Unlike other senior Bulldogs who were still building up to postseason form when their seasons ended, Georgia track and field athletes were on location at the NCAA championships in Albuquerque, New Mexico, when the two-day meet was canceled on March 13. Both men’s track and field seniors and six senior women plan to capitalize on the fifth year of eligibility extended by the NCAA and return to Athens in 2021. Of the eight hanging back, four qualified for the 2020 NCAAs. Here’s what they bring back to the track in 2021:
In 2020, Drop ranked No. 77 nationally for the mile and placed in the top-35 for the 3,000 and 5,000-meter events. She was the team’s fastest long-distance runner in all three events. Her best result of the season was fourth-place in the 5,000-meter at the Bob Pollock Invitational, enough to edge into the 2020 NCAAs with the event’s last spot. Notching two top-four times in the 2020 SECs and with four cross country seasons under her belt, Drop looks to cement her distance leadership in 2021.

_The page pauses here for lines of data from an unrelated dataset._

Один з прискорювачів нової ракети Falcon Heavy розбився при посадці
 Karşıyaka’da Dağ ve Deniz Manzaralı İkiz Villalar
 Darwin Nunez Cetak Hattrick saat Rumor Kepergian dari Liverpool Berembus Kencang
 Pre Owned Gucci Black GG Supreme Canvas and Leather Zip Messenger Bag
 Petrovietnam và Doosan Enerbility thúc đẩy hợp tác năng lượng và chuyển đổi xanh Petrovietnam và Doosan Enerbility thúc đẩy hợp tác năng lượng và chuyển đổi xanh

Drop’s twin sister, Samantha Drop, still has a full year of eligibility left after redshirting for the 2018 indoor and 2019 outdoor seasons.
“I still have some goals that I want to accomplish on the track,” Jessica Drop said. “I’m also super glad to be in Athens one more year because Sam and I have been discussing that there are a few more things that we still haven’t done in Athens.”

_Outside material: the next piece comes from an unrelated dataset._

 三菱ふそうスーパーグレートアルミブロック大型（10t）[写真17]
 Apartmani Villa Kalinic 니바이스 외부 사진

Already in her fifth year at Georgia after redshirting, Smith secured a spot in the 2020 NCAA pole vault event with a 14’4” mark at the Razorback Invitational. She finished fourth at the SEC championships for the second year in a row despite raising the bar by 2.25 inches. Smith currently ranks No. 11 in the country and No. 5 in the Georgia all-time record books. The 23-year-old’s consistent improvement since joining the Bulldogs in 2016 — her personal best as a freshman was 2’3.5” lower than her 2020 qualifyer — leaves her with high expectations in 2021.

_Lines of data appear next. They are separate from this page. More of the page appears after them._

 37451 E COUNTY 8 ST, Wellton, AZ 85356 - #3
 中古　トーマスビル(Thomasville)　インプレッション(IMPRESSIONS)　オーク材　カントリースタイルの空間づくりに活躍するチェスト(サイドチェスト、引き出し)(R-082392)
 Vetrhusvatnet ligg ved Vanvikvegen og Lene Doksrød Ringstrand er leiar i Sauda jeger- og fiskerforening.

“[Athens] is my home and this team is my family,” Smith said. “Having one more year to do the sport I love and to get a second degree? What a huge blessing. Year six here we come.”
A middle-distance specialist, Tanner notched three first-place finishes in 2020. She won the 600-meter at the Orange and Purple Elite meet in January and set a school record in the 800-meter at the Tyson Invitational a month later. Her 800-meter time was the third fastest in the nation and earned her a trip to Albuquerque. In her final meet of 2020, Tanner won the 800 at SECs, a step up from her second-place spot at the conference championships last year. At the peak of her career, Tanner will return to seek the final award absent from her college resume, an NCAA title.
“I have put my all into this program, and this program has put its all into me,” Tanner said. “I am so excited to come back for one last go around.”
After placing 12th in the high jump at the 2019 Indoor NCAAs, Carbin peaked in 2020 at the Orange and Purple Elite meet with a first-place mark 4.4 inches higher than his championship effort. The 7’4.5” jump, the highest of his college career, was enough to send him to his fourth-consecutive national championship. However, his performances steadily declined leading up to the 2020 tournament. His last jump of the season at 7’3” was good enough for second place at the Tyson Invitational, but the 6-foot-6 senior will have to tap into the same mindset he had at the beginning of the 2020 indoor season if he wants to make waves at a fifth national meet.
“I’m happy about the decision," Carbin said. "And it ends up working out for me since I was still going to be in school anyway.”